There is evidence in the record that would support the following findings:

Defendant Smollen approached the intersection at a rate of speed well in excess of the speed limit in the area involved; he did not look to the south when he could have seen the Rank car then approaching the intersection on his right and at a time when he could have stopped his car so as to have avoided the collision; as soon as Smollen looked and did see the Rank car he put on his brakes and skidded a distance of 40 feet to the point of impact with the Rank car; debris from the Smollen car was scattered on the pavement for a distance of several feet east of the point of impact; and the Smollen car then proceeded east a distance of 140 feet from the point of impact where it stopped with the right front wheel against the curb. Smollen then backed up to near the point of impact.

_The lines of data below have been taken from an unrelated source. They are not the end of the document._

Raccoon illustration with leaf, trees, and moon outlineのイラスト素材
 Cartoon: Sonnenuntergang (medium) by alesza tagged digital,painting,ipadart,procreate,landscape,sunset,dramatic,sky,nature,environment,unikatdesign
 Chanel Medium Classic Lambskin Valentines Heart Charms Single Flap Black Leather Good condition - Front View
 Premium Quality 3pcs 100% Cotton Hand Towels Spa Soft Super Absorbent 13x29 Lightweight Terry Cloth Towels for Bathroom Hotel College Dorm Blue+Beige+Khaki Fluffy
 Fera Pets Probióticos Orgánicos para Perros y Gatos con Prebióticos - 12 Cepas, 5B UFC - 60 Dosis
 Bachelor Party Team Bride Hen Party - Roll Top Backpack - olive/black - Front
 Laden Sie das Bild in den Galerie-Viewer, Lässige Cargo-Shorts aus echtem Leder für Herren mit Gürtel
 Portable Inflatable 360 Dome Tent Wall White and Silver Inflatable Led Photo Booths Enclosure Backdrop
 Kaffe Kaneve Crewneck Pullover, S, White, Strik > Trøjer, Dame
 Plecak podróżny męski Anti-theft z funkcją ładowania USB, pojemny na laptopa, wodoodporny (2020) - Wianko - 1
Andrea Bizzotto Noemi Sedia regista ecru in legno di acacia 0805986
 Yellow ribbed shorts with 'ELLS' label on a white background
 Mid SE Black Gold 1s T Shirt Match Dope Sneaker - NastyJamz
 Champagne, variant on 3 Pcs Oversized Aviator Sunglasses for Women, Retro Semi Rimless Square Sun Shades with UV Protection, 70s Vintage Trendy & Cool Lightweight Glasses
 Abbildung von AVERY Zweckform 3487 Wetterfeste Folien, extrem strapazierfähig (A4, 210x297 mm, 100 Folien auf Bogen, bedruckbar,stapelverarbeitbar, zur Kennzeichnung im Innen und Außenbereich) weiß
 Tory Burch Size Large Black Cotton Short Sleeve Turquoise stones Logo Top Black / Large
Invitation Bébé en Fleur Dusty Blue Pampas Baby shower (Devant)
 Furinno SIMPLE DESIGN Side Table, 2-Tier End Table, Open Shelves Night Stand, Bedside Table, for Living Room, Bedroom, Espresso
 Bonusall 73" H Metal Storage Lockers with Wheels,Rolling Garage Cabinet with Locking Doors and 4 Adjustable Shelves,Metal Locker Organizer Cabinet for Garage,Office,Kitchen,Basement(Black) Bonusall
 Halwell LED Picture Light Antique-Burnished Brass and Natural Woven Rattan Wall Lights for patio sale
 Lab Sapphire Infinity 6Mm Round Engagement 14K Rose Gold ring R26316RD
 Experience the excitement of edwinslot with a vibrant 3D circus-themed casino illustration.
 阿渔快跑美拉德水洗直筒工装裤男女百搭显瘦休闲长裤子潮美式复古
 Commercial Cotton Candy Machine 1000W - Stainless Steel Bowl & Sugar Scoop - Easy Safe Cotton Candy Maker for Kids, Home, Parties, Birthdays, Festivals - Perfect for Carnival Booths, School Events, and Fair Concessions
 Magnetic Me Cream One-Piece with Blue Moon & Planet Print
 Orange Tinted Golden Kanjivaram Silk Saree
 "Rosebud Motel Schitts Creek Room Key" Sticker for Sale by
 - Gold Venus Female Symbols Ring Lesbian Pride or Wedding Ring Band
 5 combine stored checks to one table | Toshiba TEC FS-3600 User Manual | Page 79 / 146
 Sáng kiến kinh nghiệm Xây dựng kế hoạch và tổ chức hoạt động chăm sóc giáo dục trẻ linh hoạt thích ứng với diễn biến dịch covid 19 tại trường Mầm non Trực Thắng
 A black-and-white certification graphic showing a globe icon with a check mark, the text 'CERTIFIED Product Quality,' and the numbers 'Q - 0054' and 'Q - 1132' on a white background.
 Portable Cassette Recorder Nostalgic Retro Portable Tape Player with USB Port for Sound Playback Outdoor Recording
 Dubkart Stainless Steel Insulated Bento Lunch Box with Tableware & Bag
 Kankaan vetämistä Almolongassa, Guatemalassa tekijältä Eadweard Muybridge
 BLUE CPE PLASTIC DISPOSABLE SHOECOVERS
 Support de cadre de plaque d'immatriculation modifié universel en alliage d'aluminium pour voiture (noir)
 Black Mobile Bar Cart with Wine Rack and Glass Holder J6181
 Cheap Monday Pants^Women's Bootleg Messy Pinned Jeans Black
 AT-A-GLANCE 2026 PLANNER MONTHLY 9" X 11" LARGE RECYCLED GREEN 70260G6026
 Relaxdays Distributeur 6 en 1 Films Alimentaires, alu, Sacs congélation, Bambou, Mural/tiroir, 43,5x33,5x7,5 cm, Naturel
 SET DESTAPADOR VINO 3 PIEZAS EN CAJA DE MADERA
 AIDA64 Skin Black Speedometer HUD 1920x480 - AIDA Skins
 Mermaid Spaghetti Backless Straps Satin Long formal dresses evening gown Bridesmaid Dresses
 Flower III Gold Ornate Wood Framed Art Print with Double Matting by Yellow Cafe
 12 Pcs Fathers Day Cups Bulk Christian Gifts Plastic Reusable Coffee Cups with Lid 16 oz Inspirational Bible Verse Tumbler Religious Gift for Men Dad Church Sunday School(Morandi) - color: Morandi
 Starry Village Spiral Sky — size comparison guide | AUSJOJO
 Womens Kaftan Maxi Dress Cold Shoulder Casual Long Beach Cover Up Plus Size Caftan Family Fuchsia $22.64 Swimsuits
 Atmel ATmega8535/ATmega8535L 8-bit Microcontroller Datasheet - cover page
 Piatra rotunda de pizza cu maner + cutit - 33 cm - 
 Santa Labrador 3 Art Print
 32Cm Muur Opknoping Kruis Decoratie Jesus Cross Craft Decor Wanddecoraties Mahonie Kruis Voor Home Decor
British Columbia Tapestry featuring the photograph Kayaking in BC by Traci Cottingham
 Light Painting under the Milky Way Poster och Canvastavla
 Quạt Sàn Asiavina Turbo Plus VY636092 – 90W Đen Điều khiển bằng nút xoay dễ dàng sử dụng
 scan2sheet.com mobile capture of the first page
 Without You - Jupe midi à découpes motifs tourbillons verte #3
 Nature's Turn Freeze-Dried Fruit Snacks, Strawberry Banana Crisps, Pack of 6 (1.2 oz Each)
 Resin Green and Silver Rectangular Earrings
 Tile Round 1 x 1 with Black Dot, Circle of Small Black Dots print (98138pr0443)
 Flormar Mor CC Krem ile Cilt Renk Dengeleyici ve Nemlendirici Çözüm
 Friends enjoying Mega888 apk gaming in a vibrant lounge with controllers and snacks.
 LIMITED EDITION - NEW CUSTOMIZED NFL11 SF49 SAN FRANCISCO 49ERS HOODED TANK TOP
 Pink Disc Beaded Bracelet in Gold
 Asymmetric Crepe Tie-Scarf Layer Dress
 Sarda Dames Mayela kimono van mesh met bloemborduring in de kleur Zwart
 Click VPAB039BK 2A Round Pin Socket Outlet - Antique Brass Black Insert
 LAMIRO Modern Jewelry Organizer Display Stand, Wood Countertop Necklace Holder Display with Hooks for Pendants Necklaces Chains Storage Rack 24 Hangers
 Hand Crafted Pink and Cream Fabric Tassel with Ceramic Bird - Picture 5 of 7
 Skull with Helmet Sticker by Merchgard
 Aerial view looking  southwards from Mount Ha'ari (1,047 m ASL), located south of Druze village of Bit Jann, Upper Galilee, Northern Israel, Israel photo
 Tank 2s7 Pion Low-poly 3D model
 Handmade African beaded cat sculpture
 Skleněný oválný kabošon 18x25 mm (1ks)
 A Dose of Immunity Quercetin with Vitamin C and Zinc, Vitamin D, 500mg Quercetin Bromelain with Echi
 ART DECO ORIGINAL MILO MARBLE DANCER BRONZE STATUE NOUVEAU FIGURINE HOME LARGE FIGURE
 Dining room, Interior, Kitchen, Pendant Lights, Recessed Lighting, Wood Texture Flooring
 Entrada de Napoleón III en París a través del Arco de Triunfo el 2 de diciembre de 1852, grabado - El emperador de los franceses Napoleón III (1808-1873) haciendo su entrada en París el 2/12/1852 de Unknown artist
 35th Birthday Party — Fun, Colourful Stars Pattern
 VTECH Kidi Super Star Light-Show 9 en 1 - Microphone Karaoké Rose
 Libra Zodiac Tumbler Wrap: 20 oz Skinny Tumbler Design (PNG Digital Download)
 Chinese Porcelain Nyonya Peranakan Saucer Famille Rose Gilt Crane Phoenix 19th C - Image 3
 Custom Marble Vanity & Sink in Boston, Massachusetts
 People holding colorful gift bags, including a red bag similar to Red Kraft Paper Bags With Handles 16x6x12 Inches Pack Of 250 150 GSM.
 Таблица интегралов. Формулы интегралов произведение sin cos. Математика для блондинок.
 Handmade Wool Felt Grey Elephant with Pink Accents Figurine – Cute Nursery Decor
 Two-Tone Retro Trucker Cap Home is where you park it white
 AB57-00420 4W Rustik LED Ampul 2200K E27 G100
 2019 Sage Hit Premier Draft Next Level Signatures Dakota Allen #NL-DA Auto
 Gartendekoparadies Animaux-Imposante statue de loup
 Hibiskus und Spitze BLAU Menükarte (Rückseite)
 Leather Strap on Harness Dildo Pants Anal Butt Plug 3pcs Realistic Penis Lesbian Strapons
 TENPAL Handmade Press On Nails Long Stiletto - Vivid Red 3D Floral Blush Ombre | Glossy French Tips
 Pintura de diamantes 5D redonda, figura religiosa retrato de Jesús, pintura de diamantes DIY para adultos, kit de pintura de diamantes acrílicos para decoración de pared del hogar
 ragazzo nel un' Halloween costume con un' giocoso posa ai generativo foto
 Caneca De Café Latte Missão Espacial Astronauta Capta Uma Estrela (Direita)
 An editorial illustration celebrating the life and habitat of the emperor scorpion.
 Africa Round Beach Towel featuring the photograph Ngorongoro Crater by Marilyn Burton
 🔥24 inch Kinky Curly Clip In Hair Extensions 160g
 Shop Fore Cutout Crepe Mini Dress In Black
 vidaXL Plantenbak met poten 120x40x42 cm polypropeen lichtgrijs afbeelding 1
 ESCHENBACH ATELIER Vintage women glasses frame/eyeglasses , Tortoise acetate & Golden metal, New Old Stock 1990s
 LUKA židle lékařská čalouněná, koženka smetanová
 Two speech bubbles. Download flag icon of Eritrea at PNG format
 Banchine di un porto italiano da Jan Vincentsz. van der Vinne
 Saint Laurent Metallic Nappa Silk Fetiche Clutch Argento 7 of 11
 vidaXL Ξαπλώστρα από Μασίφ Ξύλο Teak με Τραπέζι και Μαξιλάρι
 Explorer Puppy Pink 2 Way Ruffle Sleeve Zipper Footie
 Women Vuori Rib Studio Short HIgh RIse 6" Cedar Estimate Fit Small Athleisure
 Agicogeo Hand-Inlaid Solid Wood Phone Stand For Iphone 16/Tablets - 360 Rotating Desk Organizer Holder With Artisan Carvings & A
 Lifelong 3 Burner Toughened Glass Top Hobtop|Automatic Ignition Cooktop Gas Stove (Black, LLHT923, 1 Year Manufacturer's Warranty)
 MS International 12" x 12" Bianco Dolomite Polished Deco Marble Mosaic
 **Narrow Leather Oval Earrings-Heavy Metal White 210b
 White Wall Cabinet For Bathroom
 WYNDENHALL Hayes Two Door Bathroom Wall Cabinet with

Rank approached the intersection from the south at a speed of 35 miles per hour; he did not look to the west at a point where he could have seen the Smollen car coming toward the intersection and could have stopped; when he looked and saw the Smollen car he was then almost in the intersection; and he could not then stop his car and accelerated his speed in an effort to get through the intersection ahead of the Smollen car. After the contact of the two cars, Rank then proceeded straight north a distance of about 25 or 30 feet, made a sharp turn to the west, crossed over the pavement curb, the parking, the sidewalk and sidewalk curb, and struck the plaintiff, pinning her to the house. The total distance traveled by Rank after the collision was 80 feet.

The above summary is sufficient to show that the trial court did not err in overruling the motions for a directed verdict and in overruling the motions for judgment notwithstanding the verdict.

*394 Rank and Smollen assign prejudicial error of the trial court in the giving of instructions Nos. 1, 4, 6, and 8 on its own motion. Smollen makes no argument as to error in instruction No. 1. Instruction No. 1 is the instruction in which the court undertook to define the claims of the parties and advised that the contentions of the parties was not to be considered as evidence in the case.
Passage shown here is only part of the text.